- Born: 10 January 1857 Plymouth, Devon, UKGBI
- Died: 24 October 1947 (aged 90) Blockley, Gloucestershire, UK
- Occupations: Head teacher; writer; expositor; publisher;
- Writing career
- Pen name: Alec C. More

= Alice Seymour =

British head teacher, writer, expositor and publisher (1857-1947)

Alice Seymour (10 January 1857 – 24 October 1947) was a British head teacher, writer, expositor and publisher of the writings of Joanna Southcott. In 1928, Seymour founded the Olive Branch League for young Southcottians.

== Early life ==
Seymour was born in Plymouth. Her parents were members of the Christian Israelite Church who followed the evangelist John Wroe. She read the works of Joanna Southcott as a child.

== Spiritual intervention ==
In 1907 she said she was visited by spirits who told her that she was to write a life of Joanna Southcott. She did this and it was published in 1909, "The Express". She had previously thought that she was to write a Southcott biography book with the Reverend Walter Begley, but he had died in 1905. The 1909 book was well received at the Daily News, which made it their book of the week.

In 1914, she led a campaign to get the secret prophecies of Joanna Southcott opened. The prophecies were intended for a moment of crisis and Southcott had laid down the conditions under which they could be opened including the presence of 24 bishops.

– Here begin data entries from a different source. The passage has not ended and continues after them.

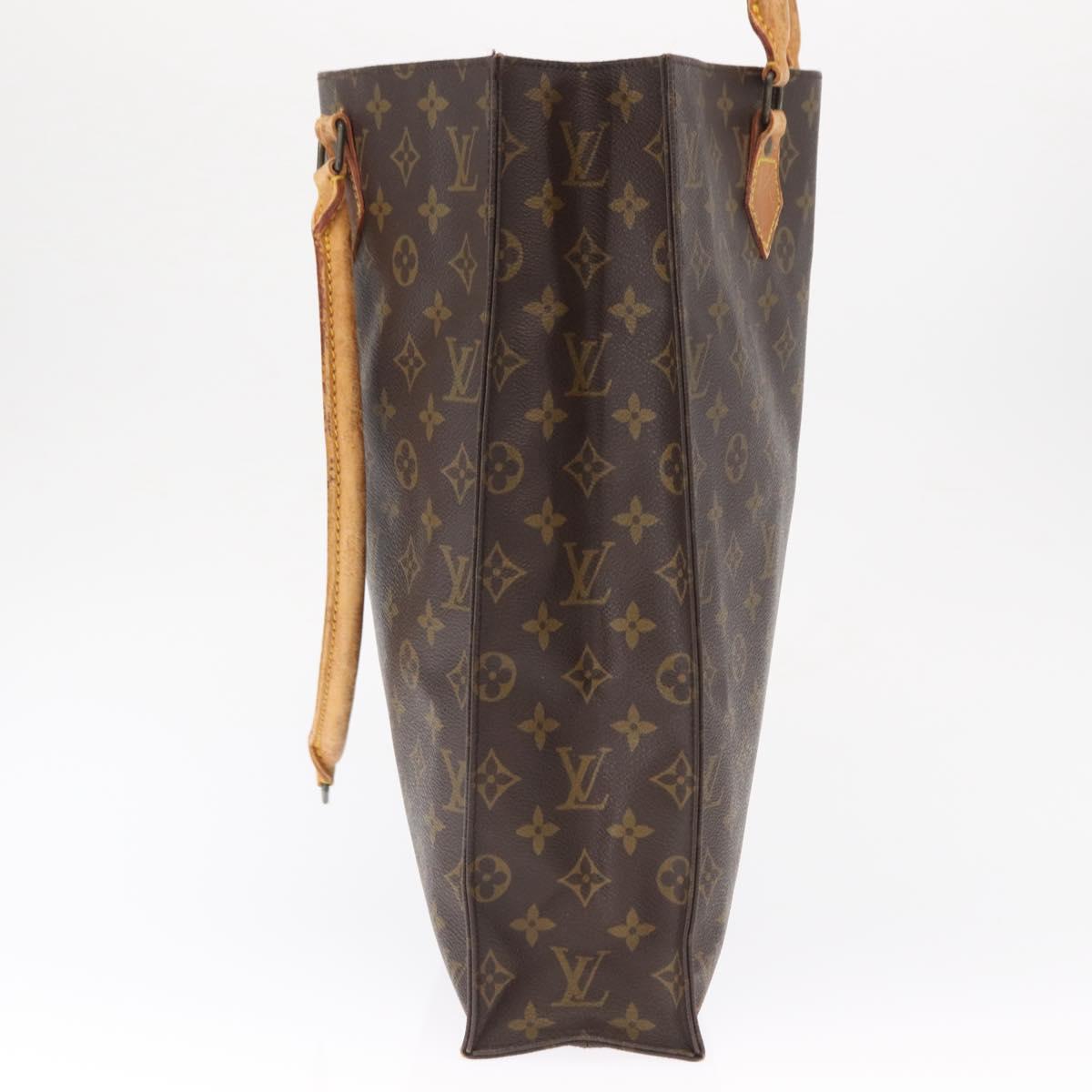 LOUIS VUITTON Monogram Sac Plat Hand Bag M51140 LV Auth 161922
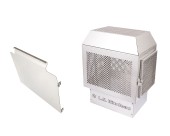 stainless steel mini outdoor fire pit grill LS Bilodeau, small stainless fire pit, durable Quebec-made fire pit, safe campfire, SOPFEU-compliant fire pit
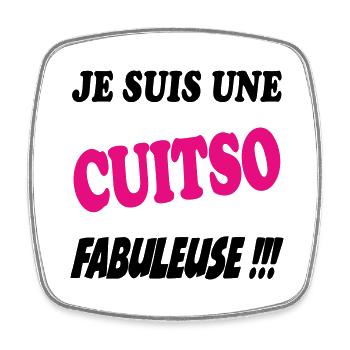 Je suis une cuisto fabuleuse !!! - Magnet carré - blanc - Devant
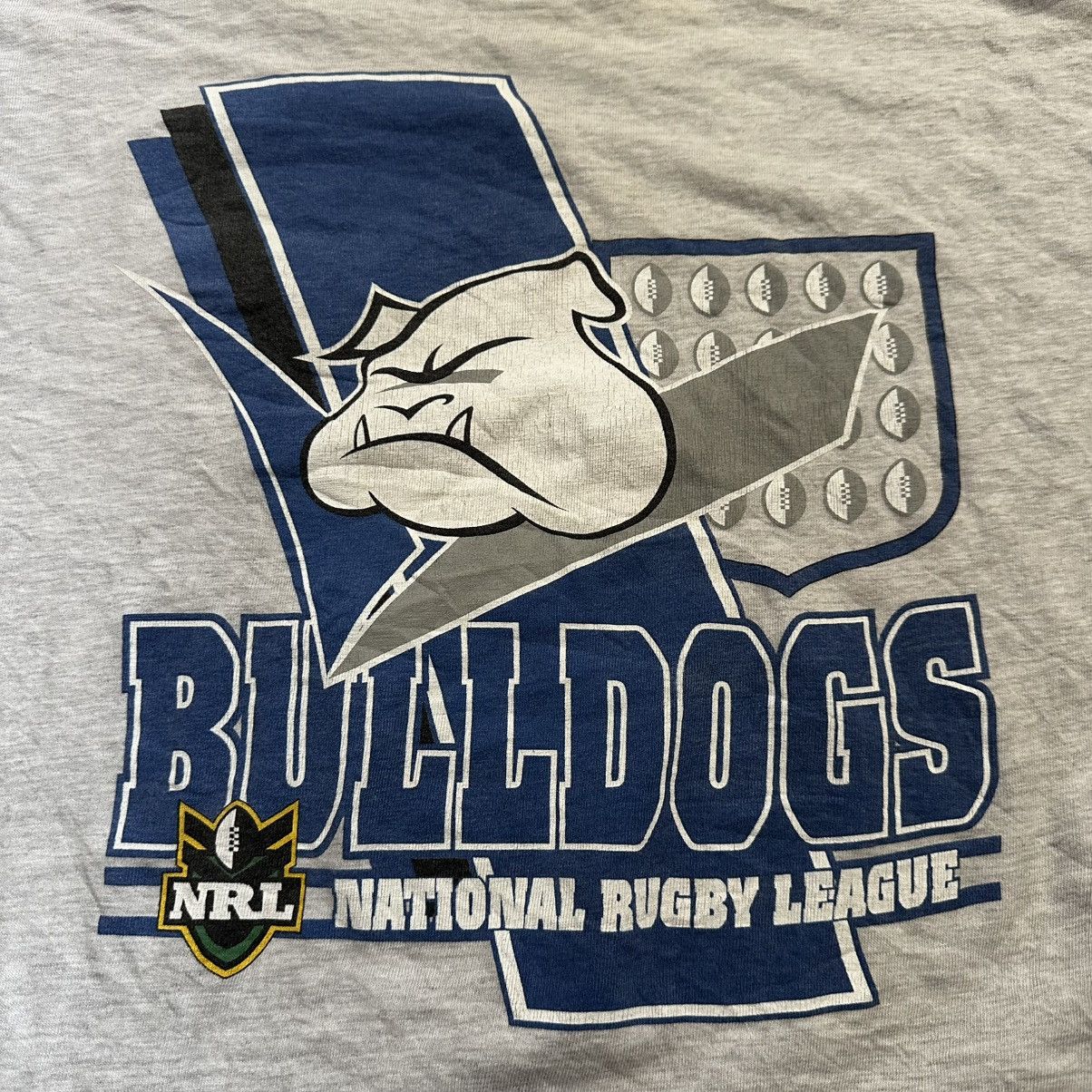 Vintage Vintage Bulldogs NRL Size US XL / EU 56 / 4 - 4 Thumbnail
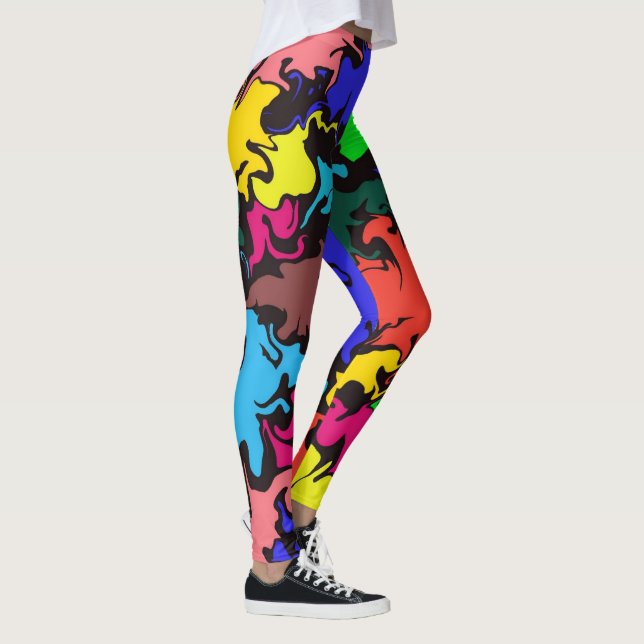 Abstract Colorful Twirl /  Leggings (Rechts)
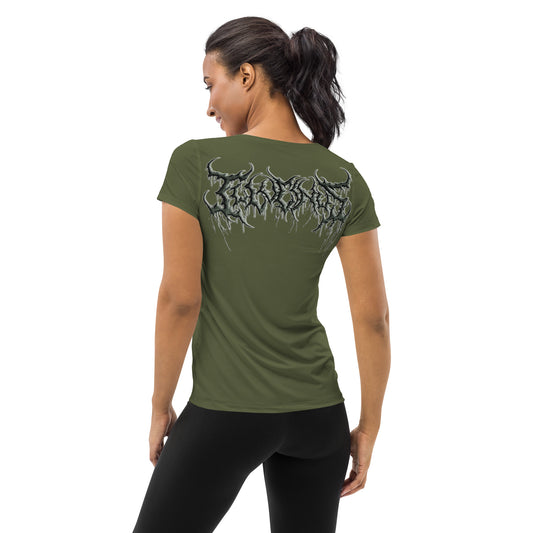 Slime n Scram Athletic Tee - Women's, Green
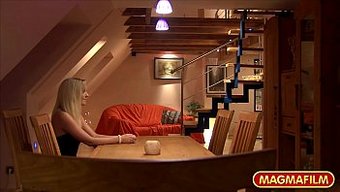 Mia Magma, Sarışın Güzelliği Ve Iyi Donanımlı Erkeğiyle Duygusal Bir Alman Üçlüsünde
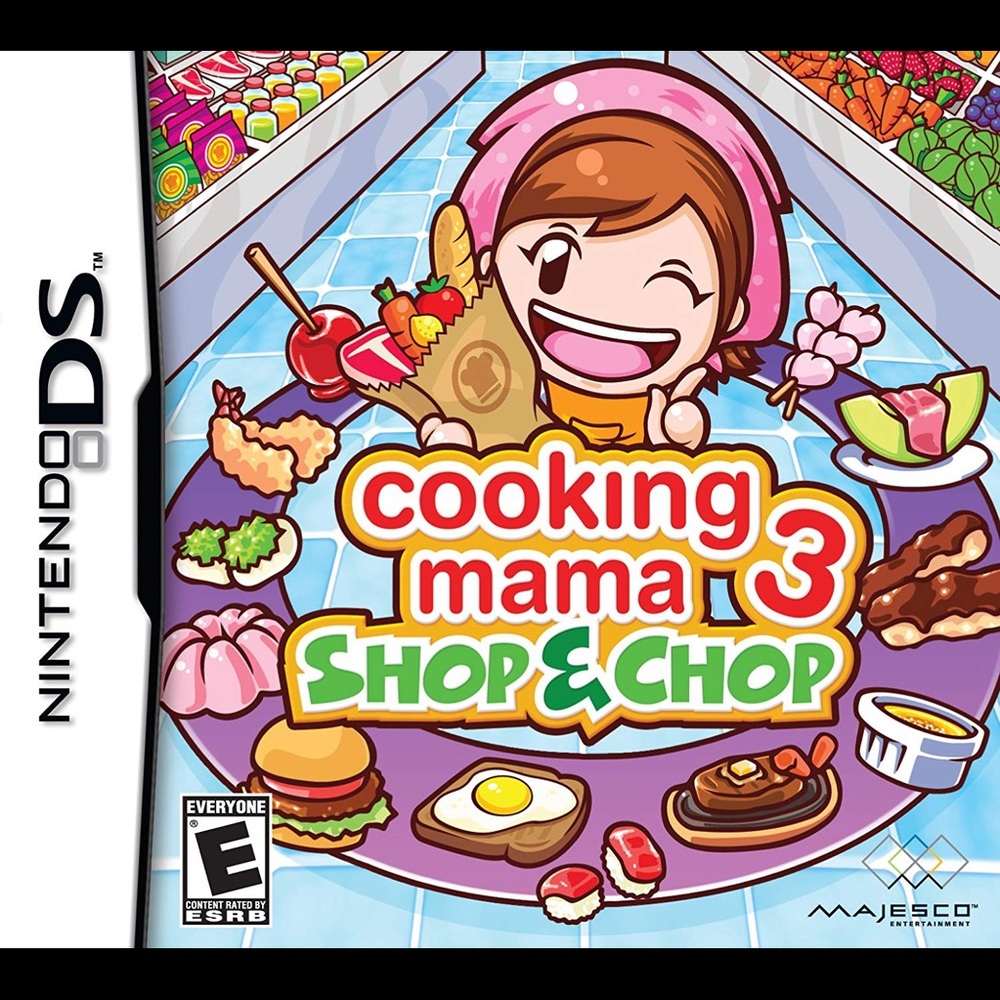 Cooking Mama 3 Shop & Chop Nintendo DS Game
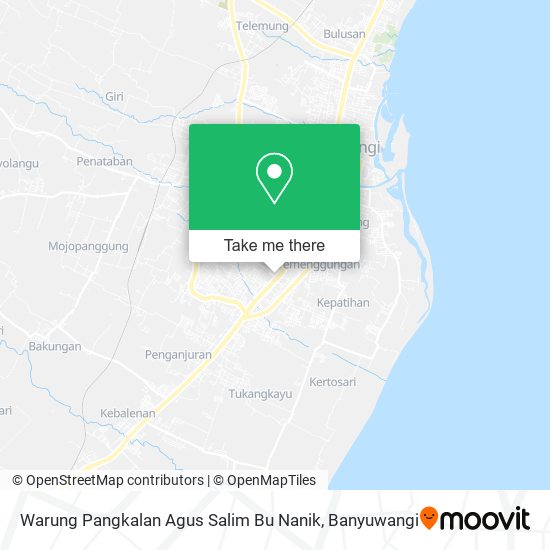 Warung Pangkalan Agus Salim Bu Nanik map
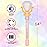 ArtCreativity Light Up Spinning Diamond Princess Wand for Kids - Fairy Wand with Spinning LEDs, Batteries Included - Light Up Wands for Girls and Boys, Perfect Pretend Play Toys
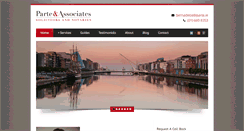 Desktop Screenshot of parte.ie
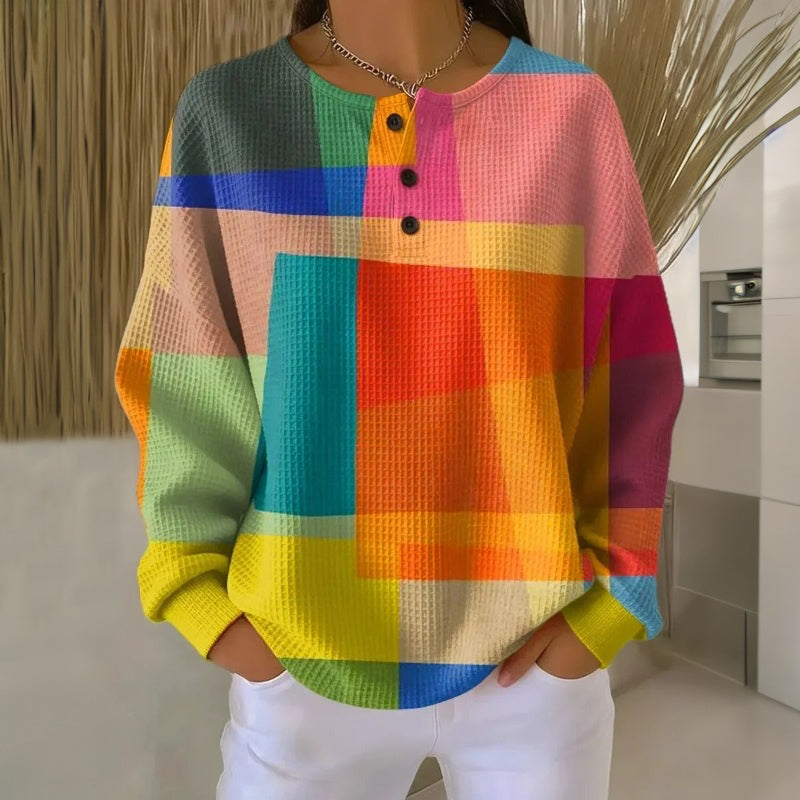 Klara | Damen Vintage Pullover mit Druck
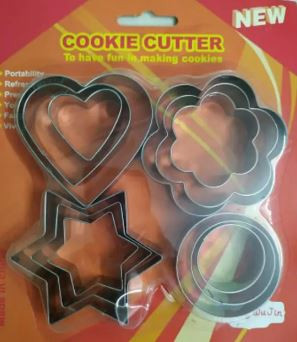 Cookie Cutter 12 Piecess - Silver - Cake Decoration Tools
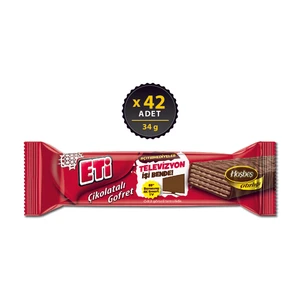Çikolatalı Gofret 34 g x 42 Adet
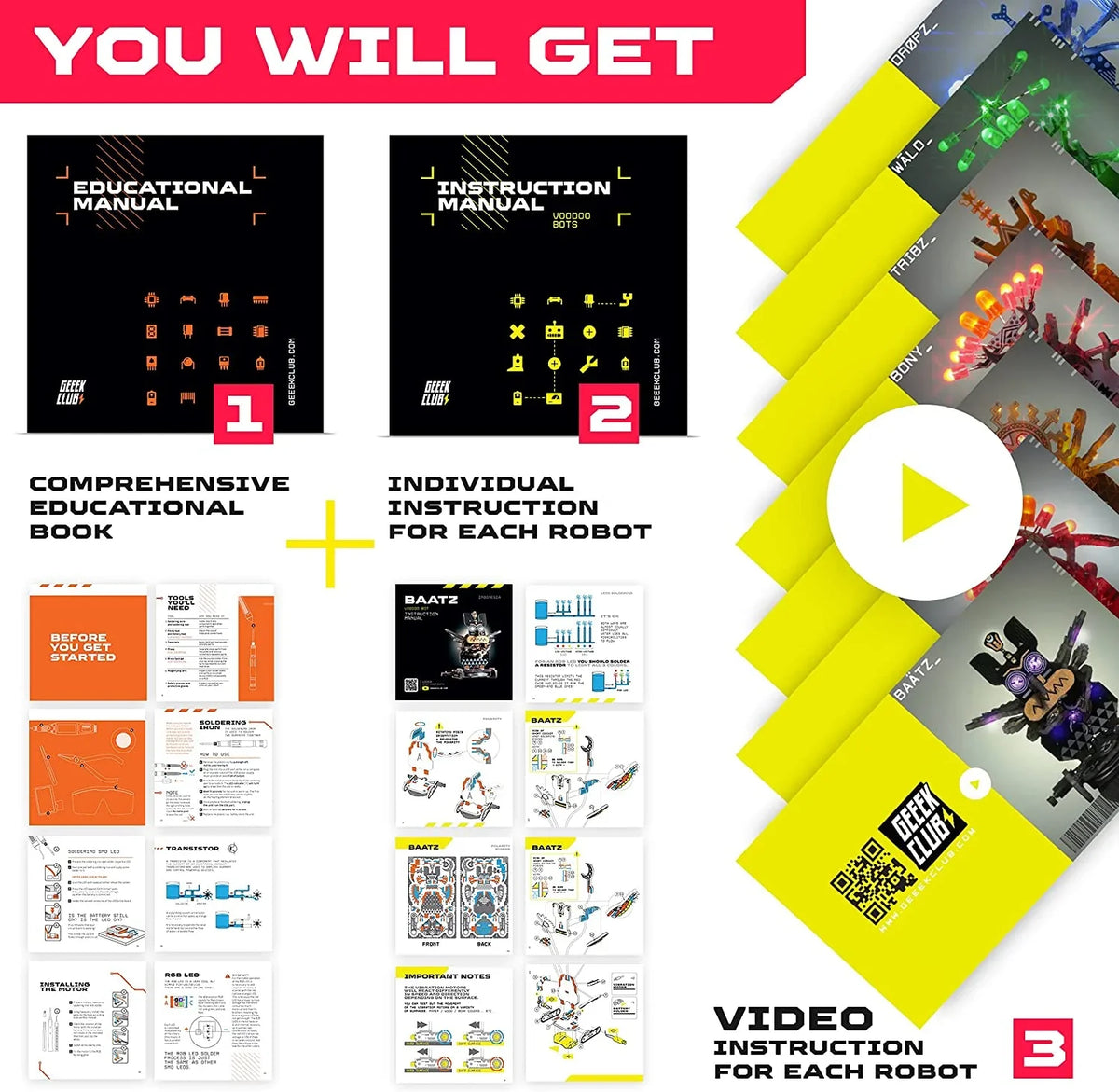 full ROBOTS Printed Boards Circuit Voodoo set 7
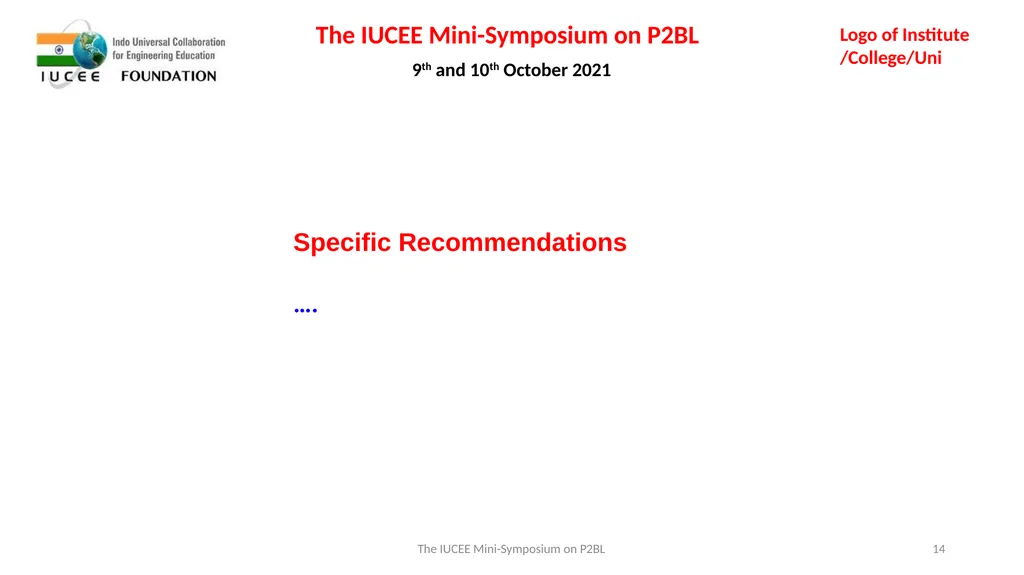 Institutional Report/Case Study on Problem/Project - slide 14 of 15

Seymour created a group who followed the ideas of Southcott and she was in disagreement with Mabel Barltrop and the Panacea Society. Seymour arranged for the publication of Southcott's works and a magazine, but it was Barltrop who was to lead the larger Southcottian group. Seymour objected to Barltrop but they never fell out as Seymour wanted to be there when Barltop's group organised a reopening of Southcott's box. In Mabel Barltrop's 1930s planning for the potential opening of the box a seat was set aside for Seymour. One of Seymour's followers, Ellen Oliver, was to join Barltrop's emerging group and to identify Barltrop as a prophet.

== Death ==
Seymour died in Blockley in 1947 at Rock Cottage.